Shirley tracks down the now Cornell student Robert Gottlieb to be her national student coordinator as 18-year-olds finally have the right to vote. Stanley Townsend is taken on as campaign manager.

As Shirley is campaigning around the country, due to time and financial contraints, she rejects going to several states. After getting a fraction of the Democratic votes in Florida, she caves in to Walter Fauntroy. Shirley backs out of the D.C. vote to supposedly not split it, as he promises to later pass her his delegates and endorse her.

When the major TV networks NBC, ABC and CBS leave Shirley off the list to debate nationally, the campaign turns to Robert. A law student, he goes ahead to try to sue them for her right to be heard.

As The New York Times is about to do a profile piece on her, Shirley asks her sister Muriel if she and their other sisters will support her. Soon, she learns her family and many in the neighborhood feel she received favoritism from their father and she is alienating them. Muriel states they will not talk to the press, and leaves.

At a campaign fundraiser and party, someone pocketed most of the donations. Frustrated and calling the campaign a joke, Stanley quits. Shirley convinces him to accompany her to her office, where she chastises him for undermining her in front of everyone, then fires him. Dejected, Arthur voices his support both if Shirley keeps in the race or not.

After Shirley tells Conrad of the additional expenses needed to continue her campaign through California to have influence at the DNC, they argue. However, he ultimately hands her the reigns.

Robert's case against the networks is ultimately successful, so Shirley gets her airtime to get her platform exposure and heard in the debates. A meeting with the Black Panthers, she gains their endorsement, but does not win in the winner-takes-all California.

Seemingly gaining momentum, Shirley begins to get black delegates to be able to influence the DNC, when word comes out that Fauntroy
has dropped out. Her elation of potentially having over 200 delegates is short-lived as he does not pass his delegates to her as promised. Ron Dellums also pulls his endorsement, implying that those not supporting McGovern are cynical and diabolical, dreamers and fools.

Deciding to officially pass on her remaining delegates to McGovern, she releases a statement declaring her goal was to be a catalyst for change. She continued in congress for several terms, influencing a great deal of legislation and inspiring many to also make a difference.

==Production==
In February 2021, it was announced that a biographical film based on the life and career of Shirley Chisholm was in development, with Regina King cast in the eponymous role and John Ridley directing and writing the screenplay.

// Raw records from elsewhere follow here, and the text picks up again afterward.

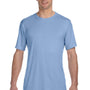 Hanes Mens Cool DRI Moisture Wicking Short Sleeve Crewneck T-Shirt - Light Blue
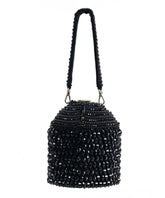 Diana Black Suede Embellished Bucket Bag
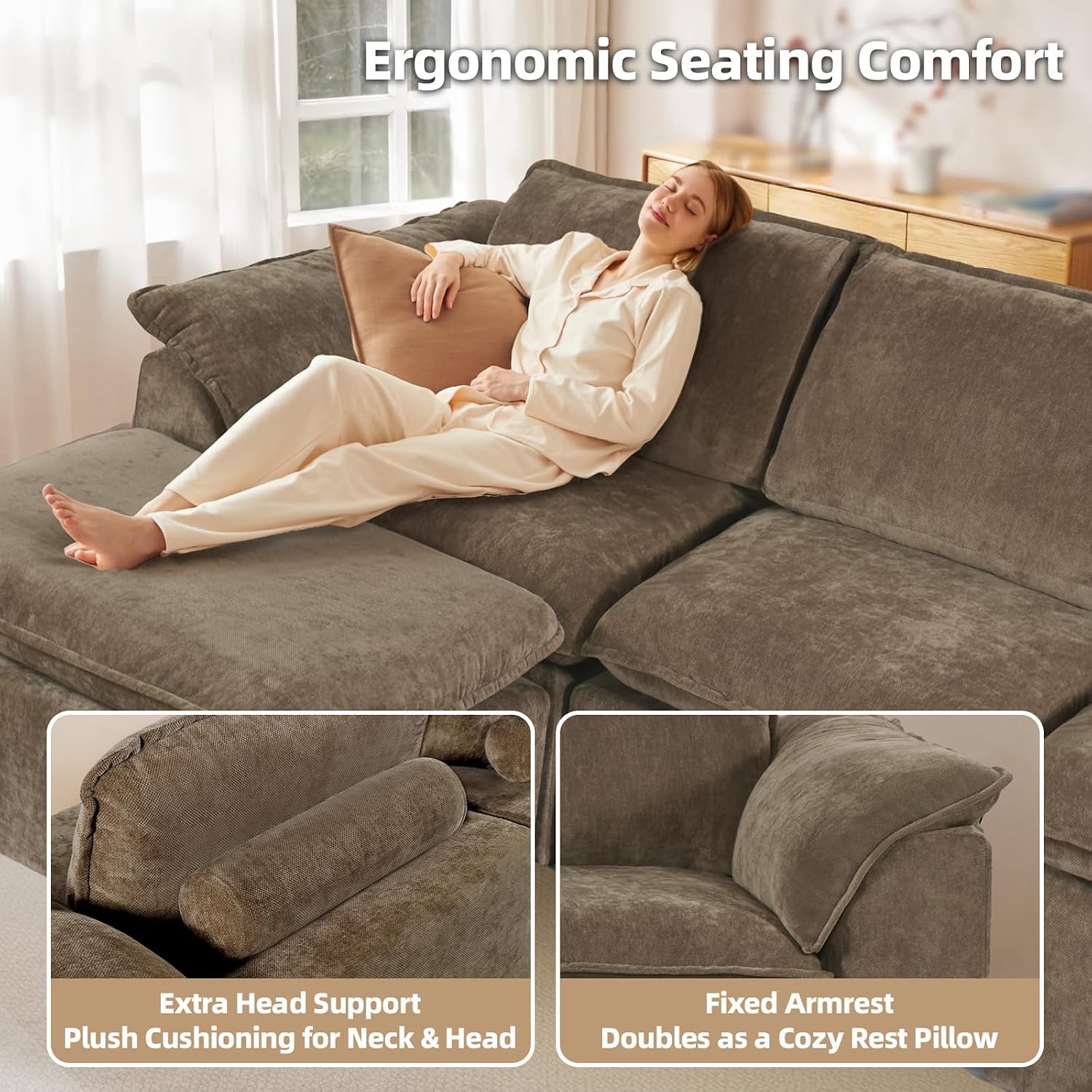 HALLYBEE 112' Cloud Couch Sectional with Padded Armrests & Moveable Ottoman Boneless Sectional Couches for Living Room Brown Couch, No Assembly Required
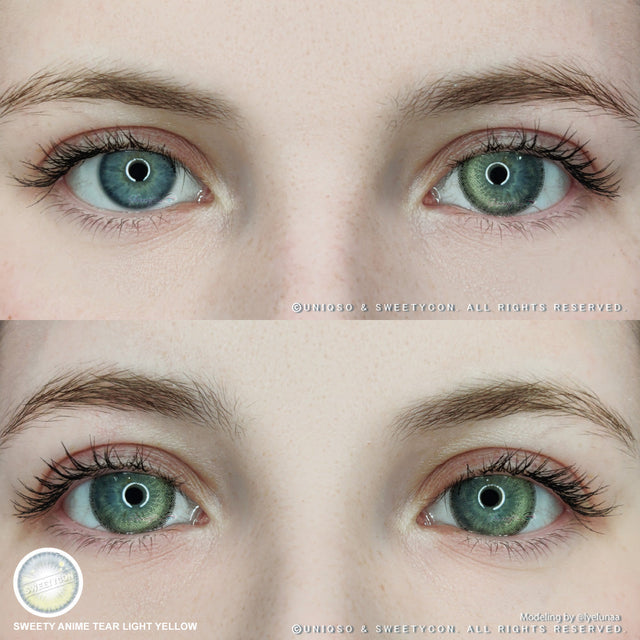Sweety Anime Tear Light Yellow (1 lens/pack)-Colored Contacts-UNIQSO EU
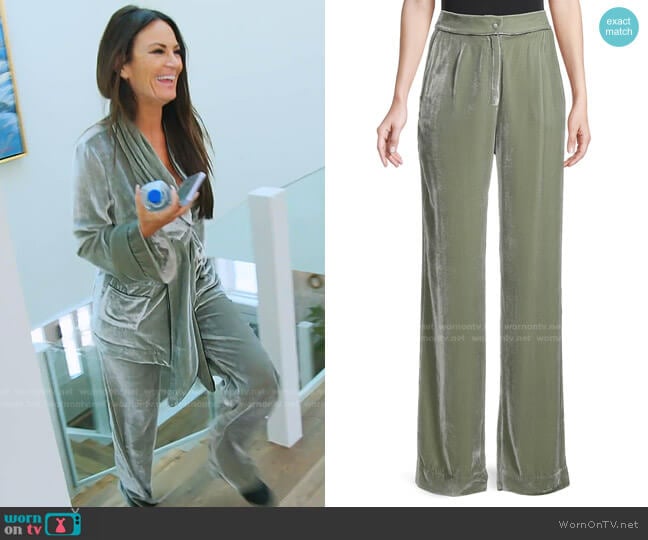 Sleeping with Jacques Velvet Pants worn by Lisa Barlow on The Real Housewives of Salt Lake City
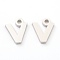 Non-Tarnish 304 Stainless Steel Charms, Greek Alphabet, Stainless Steel Color, Letter.N, 9.5x8x1.5mm, Hole: 1.5mm
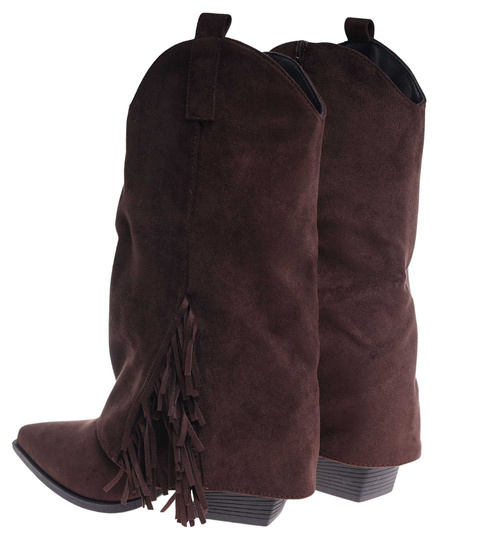 Krótkie czekoladowe kozaki boho na obcasie /B6-2 18580 G688/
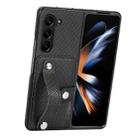 For Samsung Galaxy Z Fold6 Wristband Kickstand Card Wallet Back Cover Phone Case(Black) - 2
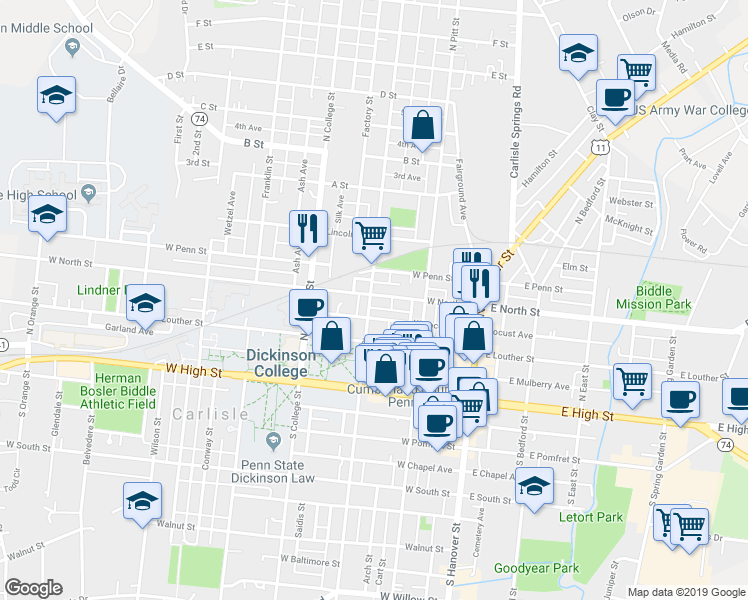 map of restaurants, bars, coffee shops, grocery stores, and more near 159 North West Street in Carlisle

In December 2021, Lance Reddick, Lucas Hedges, André Holland, Terrence Howard, Christina Jackson, Michael Cherrie, Dorian Missick, Amirah Vann, W. Earl Brown, and Ethan Jones Romero joined the cast. Brian Stokes Mitchell, Brad James, and Reina King ultimately rounded out the cast.

As of December 7, 2021, filming had begun in Cincinnati.

==Release==
Shirley had a limited theatrical release in the United States on March 15, 2024, before its streaming debut on Netflix on March 22, 2024.

==Reception==
 Metacritic, which uses a weighted average, assigned the film a score of 57 out of 100, based on 20 critics, indicating "mixed or average" reviews.